There’s a positive air around the corridors of Simmons & Simmons following bumper financial results. Revenues shot up 12% to £437 million, while profit per equity partner neared the million mark, growing by 30% to £980,000. NQ salaries have also recently been increased to £100,000 (previously £88,000), and £68,000 in the firm’s Bristol office.
With trainee retention rates bouncing back from a difficult patch a few years ago, the junior end of the firm seems like a reasonably happy ship again. As one rookie explains: “Our cohort are a really tight, close-knit group of people. We got to know each other properly during the LPC as we were put into classes together and often had catch-ups through the Simmons bespoke Compass Training Module.”
At partner level the vibe is a bit more formal but similarly friendly. “The firm doesn’t like to be known as ‘nice’, but it really is,” one junior admits. Be warned though that even the most human of partners can lose their approachability when “under the cosh to get something done” and, as another insider reminds us, “there is still a hierarchy in place”.
The training on the whole remains very good but can vary from department to department, trainees tell us. One rookie reports: “We get excellent supervision and support from those in our team. The culture is collaborative and we’re encouraged to ask questions and learn from our mistakes.” Despite being just months into their TC, another junior reveals they have already “been exposed to a lot of client contact”.
Another trainee shares their account: “A lot of admin work and the teams are so overworked that they have little time to provide guidance or share knowledge. Get a fair amount of drafting if you put yourself forward. Good client contact in some seats.”

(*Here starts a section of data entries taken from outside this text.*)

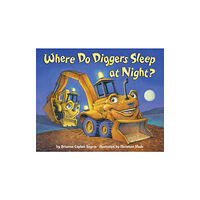 Random House USA Inc Where Do Diggers Sleep at Night? (bok, board book, eng)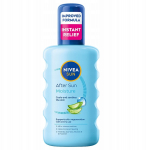 P&auml;evitusj&auml;rgne sprei keha jaoks Nivea After Sun Moisture, 200 ml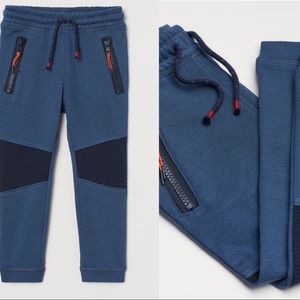 Stylish H&M Boy’s biker joggers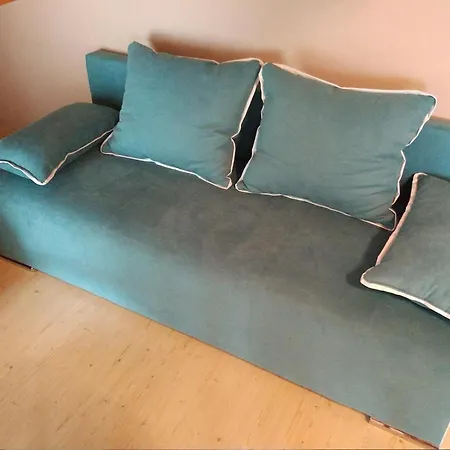 Apartman Mit Eigener Sonnenterrasse By Interhome *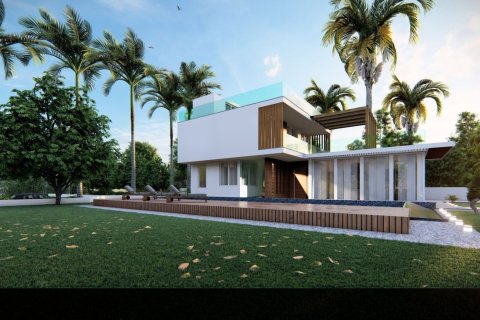 3 bedrooms Villa in Agios Athanasios, Limassol,  No. 50588 13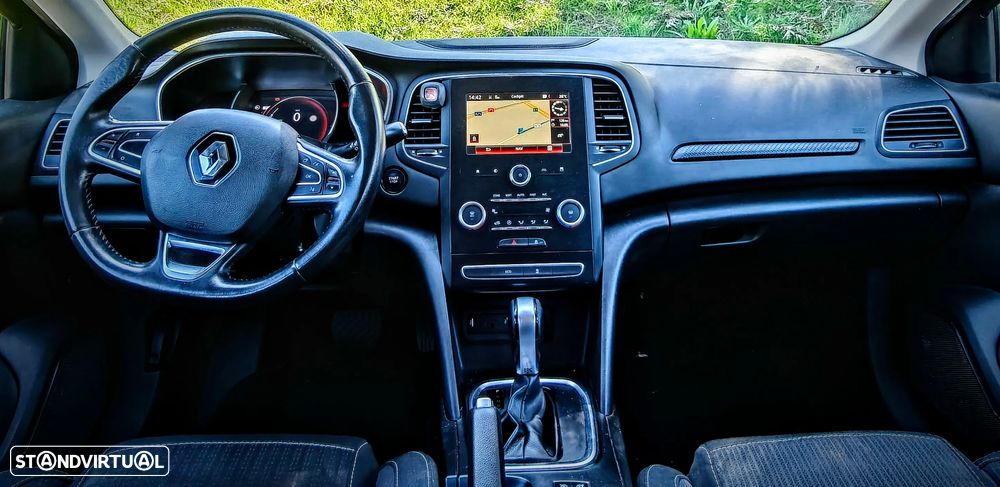 Renault Mégane 1.5 Blue dCi GT Line EDC - 6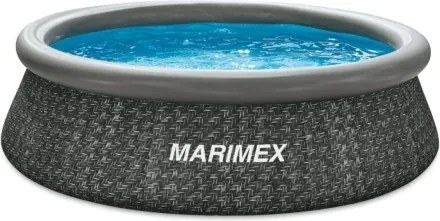 Marimex | Bazén Marimex Tampa 3,66x0,91 m bez príslušenstva - motív RATAN | 10340218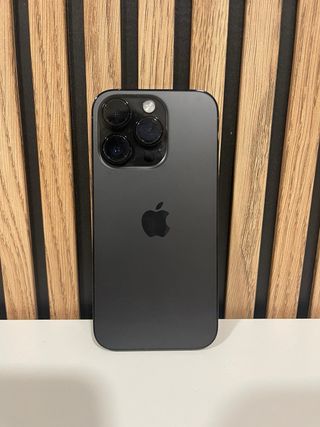 iPhone 14 Pro 128GB Negro bateria 78%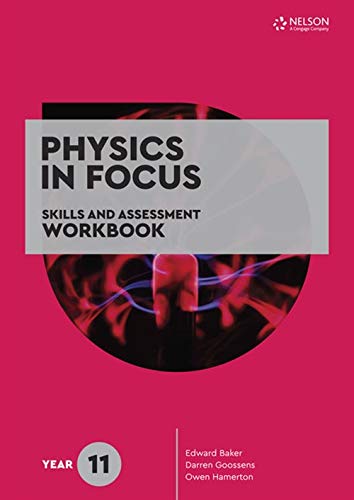 Book Physics in Focus: Skills and Assessment Workbook Year 11 free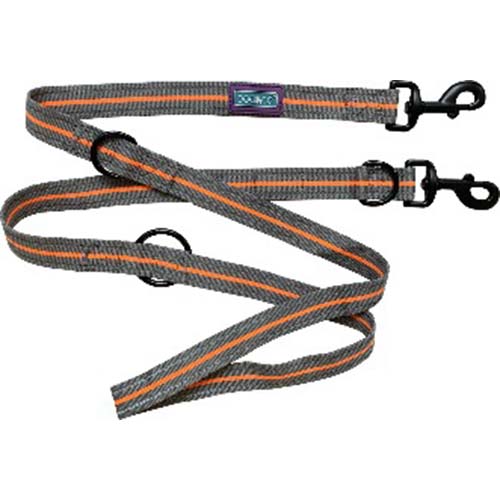 Hem & Boo 185cm Orange Training Lead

There is “truly excellent work — just sometimes quite a lot of it!”. One trainee sums it up like this: “I find we are given a good amount of responsibility and I have, as a whole, been given stimulating work. Obviously there’s an occasional bundle but we have great paralegal support so there’s not too much of that.” But hours can vary considerably, according to insiders. “Being in a busy department means that there is always more work to be getting on with and this often means finishing off a day’s work after a break for dinner. Despite the busy week, everyone generally understands that weekends should be kept free from work if possible. My supervisor has also definitely helped me manage my workload so I don’t have to work on the weekend,” a Simmons spy tells us. “In two years, I’ve only had to work two weekends, which is pretty great compared to stories of other firms.”

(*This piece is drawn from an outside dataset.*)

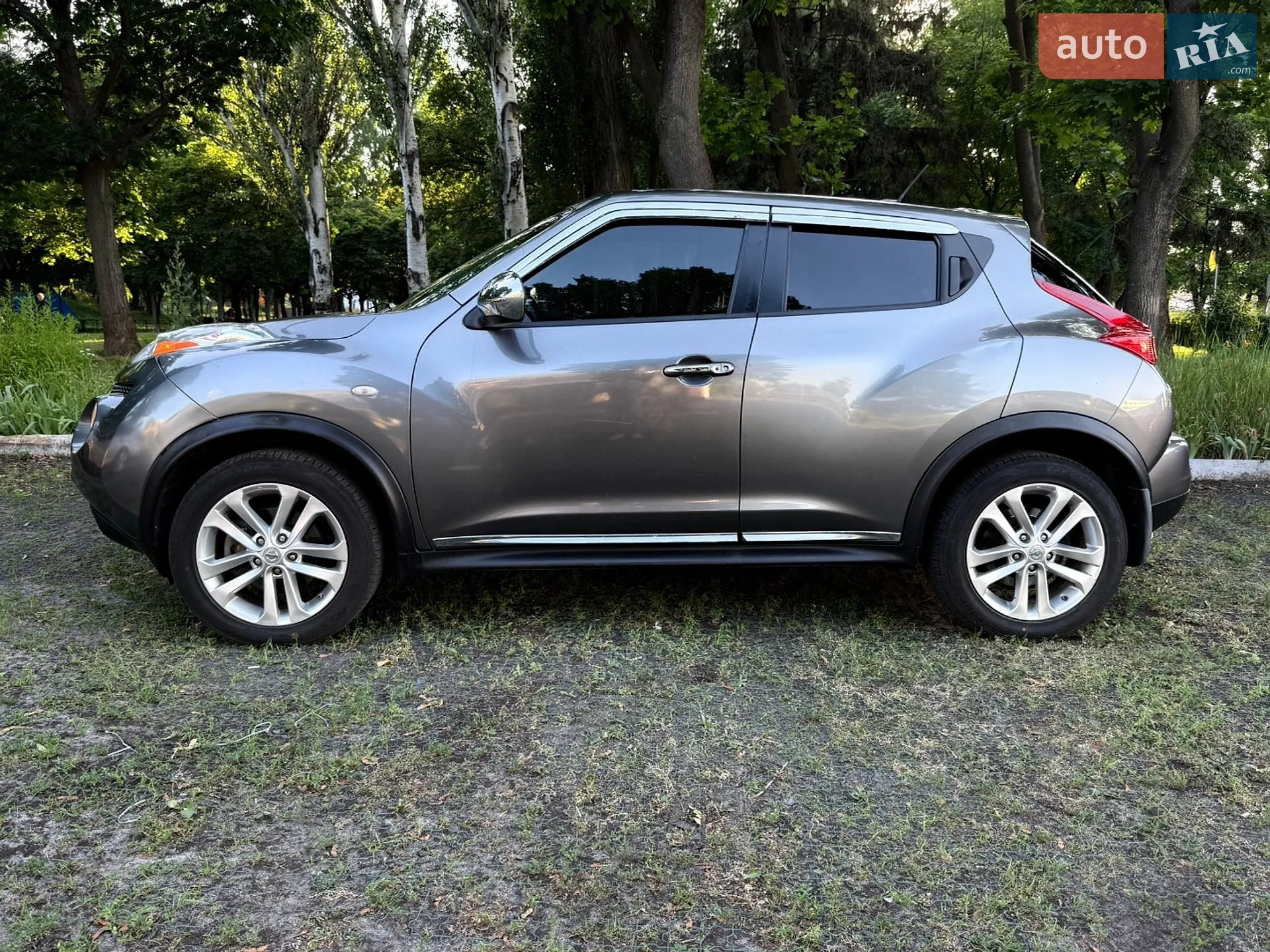 2012 Nissan Juke - мініатюра 8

Reports from the front line suggest an average day in a busy period is a nine til nine affair and in a quiet period is nine til seven, whilst others stress the importance of personal time management: “If you put in a shift Monday to Wednesday and don’t try to make evening plans, on Thursday you can probably leave at a reasonable time and on Friday I’ve even been told to leave as soon as it went past six.”
It appeared to be business as usual during lockdown, with one insider describing the transition from office life to home-working like this: “Everyone was well-informed and communication was at the forefront. There was an awful lot of importance placed towards mental wellbeing especially during the lockdown period. Everyone’s individual working capabilities (whether you have children to look after at home) were taken into account and we worked around it through flexible working hours.” Another told Legal Cheek that “the firm has a great set-up where they sent us external monitors, headsets and office chairs for working from home”. Enamoured with the remote working lifestyle, the firm has announced plans to introduce a hybrid working scheme in September 2021, allowing employees to work from home for two or three days a week.
There is some positivity when it comes to the firm’s perks. Gym subsidy, free cabs home and Deliveroo after 9pm have been well-received by the junior ranks. However, whispers suggest there have been “a lot of cutbacks” in recent years and there were apparently “minimal perks” whilst working from home.
International secondments are available in Dubai, Hong Kong, Paris and Dublin, while client secondment rates have remained stable over recent years, with around 15% of trainees getting to experience one. Recent destinations include Natwest, UBS and the firm’s recently acquired legal engineering start-up Wavelength. Although such acquisitions make for impressive reading, insiders confess that “partners are too scared to use it”.
Simmons’ HQ is located right in the heart of the action in Moorgate and a fancy refurb continues to impress. “The London office has some great parts (5th floor views, client reception)”, one insider tells us, while another praises the cool artwork adorning its walls which “creates a really nice feel”. Others, however, think the office “seems a bit dated” and, despite the refurbishment, “needs updating”. In Bristol, meanwhile, the firm relocated to the Aurora in 2019, which is rated highly by trainees and has a rooftop garden.